Exploring, drilling and completing hydrocarbon and other wells are generally complicated, time consuming and ultimately very expensive endeavors. In recognition of these expenses, added emphasis has been placed on efficiencies associated with well completions and maintenance over the life of the well. Along these lines, added emphasis has been placed on well logging, profiling and monitoring of conditions from the outset of well operations. Whether during interventional applications or at any point throughout the life of a well, detecting and monitoring well conditions has become a more sophisticated and critical part of well operations and maintenance.
Such access to the well is often provided by way of coiled tubing. Coiled tubing may be used to deliver interventional or monitoring tools downhole and it is particularly well suited for being driven downhole through a horizontal or tortuous well, to depths of perhaps several thousand feet, by an injector head at the surface of the oilfield. Thus, with these characteristics in mind, the coiled tubing will also generally be of sufficient strength and durability to withstand such applications.
In addition to providing access generally, coiled tubing may be utilized as a platform for carrying passive sensing capacity. For example, a fiber optic line may be run through the coiled tubing interior and utilized to acquire temperature and acoustic information from within the well. This is often referred to as providing, among other types of distributed measurements, distributed temperature sensing (DTS) and/or heterodyne distributed vibration sensing (hDVS) capacity. In this manner, the deployment of coiled tubing into the well for a given application may also result in providing such additional information in a relatively straight forward manner without any undue requirement for additional instrumentation or effort.
By the same token, given the capacity of the coiled tubing to carry a telemetric line, fiber optics may be utilized for sake of communication, for example, between oilfield equipment and a downhole application tool (e.g. at the bottom end of the coiled tubing). That is, while a more conventional electric cable may also be utilized for communications, there may be circumstances where a fiber optic line is preferred.
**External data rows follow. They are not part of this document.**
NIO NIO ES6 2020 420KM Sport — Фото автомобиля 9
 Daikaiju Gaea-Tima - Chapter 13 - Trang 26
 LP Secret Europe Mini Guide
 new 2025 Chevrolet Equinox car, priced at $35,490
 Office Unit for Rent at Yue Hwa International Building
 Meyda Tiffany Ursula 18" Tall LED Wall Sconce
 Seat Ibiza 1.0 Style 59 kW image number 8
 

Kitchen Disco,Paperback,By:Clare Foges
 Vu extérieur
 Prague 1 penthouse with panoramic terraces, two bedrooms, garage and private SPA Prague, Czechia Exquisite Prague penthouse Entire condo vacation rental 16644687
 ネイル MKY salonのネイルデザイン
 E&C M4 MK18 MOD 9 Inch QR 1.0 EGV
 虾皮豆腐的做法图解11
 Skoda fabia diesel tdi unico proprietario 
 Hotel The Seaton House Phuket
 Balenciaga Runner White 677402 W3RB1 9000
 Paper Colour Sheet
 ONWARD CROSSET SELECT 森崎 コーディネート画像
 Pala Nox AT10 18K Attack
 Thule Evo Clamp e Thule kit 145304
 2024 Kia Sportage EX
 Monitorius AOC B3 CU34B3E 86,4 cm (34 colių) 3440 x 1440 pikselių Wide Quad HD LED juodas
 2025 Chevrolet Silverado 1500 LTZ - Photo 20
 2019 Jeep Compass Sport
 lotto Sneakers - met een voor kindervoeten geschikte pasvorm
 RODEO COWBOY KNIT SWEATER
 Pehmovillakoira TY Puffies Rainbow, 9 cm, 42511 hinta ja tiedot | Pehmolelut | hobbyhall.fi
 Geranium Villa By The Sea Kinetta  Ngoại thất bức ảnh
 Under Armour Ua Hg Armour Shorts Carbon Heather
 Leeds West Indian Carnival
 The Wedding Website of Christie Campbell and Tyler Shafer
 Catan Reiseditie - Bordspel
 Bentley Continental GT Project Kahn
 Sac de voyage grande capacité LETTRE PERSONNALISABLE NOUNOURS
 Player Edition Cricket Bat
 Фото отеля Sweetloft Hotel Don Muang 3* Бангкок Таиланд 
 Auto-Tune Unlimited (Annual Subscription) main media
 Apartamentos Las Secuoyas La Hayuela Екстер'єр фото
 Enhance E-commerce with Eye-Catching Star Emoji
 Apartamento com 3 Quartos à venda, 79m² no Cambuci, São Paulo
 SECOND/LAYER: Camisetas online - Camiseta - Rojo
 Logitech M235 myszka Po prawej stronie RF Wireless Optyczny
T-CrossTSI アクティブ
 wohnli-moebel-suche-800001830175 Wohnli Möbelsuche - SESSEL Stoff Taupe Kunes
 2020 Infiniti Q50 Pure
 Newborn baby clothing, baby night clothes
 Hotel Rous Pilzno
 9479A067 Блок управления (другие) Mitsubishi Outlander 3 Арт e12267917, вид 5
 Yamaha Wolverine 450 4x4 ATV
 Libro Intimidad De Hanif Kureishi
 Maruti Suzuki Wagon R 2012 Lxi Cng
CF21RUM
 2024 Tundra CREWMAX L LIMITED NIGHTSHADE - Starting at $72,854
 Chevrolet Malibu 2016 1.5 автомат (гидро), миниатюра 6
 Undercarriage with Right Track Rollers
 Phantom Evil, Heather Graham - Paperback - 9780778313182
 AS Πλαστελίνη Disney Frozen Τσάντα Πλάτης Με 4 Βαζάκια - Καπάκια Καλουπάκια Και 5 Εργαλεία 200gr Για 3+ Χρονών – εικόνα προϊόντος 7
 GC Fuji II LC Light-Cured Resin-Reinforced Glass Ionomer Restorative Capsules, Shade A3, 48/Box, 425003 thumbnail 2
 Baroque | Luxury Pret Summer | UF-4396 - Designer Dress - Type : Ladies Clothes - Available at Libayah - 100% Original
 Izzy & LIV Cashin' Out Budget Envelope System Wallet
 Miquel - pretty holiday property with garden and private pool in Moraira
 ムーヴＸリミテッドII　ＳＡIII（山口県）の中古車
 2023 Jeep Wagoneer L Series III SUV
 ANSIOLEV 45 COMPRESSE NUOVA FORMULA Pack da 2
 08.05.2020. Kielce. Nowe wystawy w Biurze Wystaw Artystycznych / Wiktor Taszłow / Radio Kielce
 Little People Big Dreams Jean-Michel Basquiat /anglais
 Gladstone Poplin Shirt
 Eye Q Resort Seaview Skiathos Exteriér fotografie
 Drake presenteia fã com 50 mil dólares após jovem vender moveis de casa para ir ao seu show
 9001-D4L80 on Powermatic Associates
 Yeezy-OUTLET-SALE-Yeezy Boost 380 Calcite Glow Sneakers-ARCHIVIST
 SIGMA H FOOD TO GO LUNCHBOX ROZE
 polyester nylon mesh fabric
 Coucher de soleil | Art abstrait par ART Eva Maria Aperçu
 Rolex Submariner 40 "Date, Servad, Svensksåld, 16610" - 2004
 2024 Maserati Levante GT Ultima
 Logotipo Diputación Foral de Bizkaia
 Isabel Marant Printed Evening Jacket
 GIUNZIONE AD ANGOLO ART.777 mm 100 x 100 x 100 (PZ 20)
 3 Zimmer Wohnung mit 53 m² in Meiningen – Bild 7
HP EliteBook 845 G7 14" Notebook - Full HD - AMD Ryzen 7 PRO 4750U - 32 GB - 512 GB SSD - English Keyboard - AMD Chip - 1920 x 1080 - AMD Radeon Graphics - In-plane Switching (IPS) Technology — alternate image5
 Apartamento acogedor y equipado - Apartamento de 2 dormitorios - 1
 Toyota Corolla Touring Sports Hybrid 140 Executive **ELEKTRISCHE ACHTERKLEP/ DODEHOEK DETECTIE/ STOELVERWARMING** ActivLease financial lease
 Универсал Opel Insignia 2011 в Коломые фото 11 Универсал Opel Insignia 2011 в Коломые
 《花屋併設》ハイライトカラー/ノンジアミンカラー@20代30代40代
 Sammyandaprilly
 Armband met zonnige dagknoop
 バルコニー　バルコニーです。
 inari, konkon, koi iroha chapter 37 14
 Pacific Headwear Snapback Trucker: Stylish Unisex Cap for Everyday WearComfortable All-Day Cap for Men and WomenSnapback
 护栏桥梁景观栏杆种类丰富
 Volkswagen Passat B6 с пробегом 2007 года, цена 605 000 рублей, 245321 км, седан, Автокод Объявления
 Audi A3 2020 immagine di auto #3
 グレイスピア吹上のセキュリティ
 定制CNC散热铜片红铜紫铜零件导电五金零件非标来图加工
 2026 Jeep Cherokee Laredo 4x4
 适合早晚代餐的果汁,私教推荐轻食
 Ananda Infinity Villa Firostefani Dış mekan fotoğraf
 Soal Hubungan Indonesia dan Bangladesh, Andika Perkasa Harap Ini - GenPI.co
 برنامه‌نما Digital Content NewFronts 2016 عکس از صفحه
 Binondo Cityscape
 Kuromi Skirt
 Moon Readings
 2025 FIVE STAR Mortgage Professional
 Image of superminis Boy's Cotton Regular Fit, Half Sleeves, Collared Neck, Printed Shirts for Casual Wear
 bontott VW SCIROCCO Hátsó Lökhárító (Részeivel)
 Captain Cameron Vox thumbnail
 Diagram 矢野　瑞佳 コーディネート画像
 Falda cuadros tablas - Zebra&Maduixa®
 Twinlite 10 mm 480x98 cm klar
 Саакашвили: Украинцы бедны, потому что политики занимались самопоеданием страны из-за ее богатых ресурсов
For example, an electric cable capable of providing two-way communications between oilfield equipment and a downhole application tool may be of comparatively greater size, weight, and slower communication speeds as compared to a fiber optic telemetric line. This may not be of dramatic consequence when the application run is brief and/or the well is of comparatively shallower depths, say below about 10,000 feet. However, as wells of increasingly greater depths and deviation, such as beyond about 20,000 feet or so with a horizontal completion, become more and more common, the difference in time required to run the application as well as the weight of the extensive electrical cable may be quite significant. In some cases it may simply be impossible to use a coiled tubing unit equipped with electrical cable. The comparative greater size and weight of the electric cable may also further complicate installation and maintenance of the electric line as compared to fiber optics.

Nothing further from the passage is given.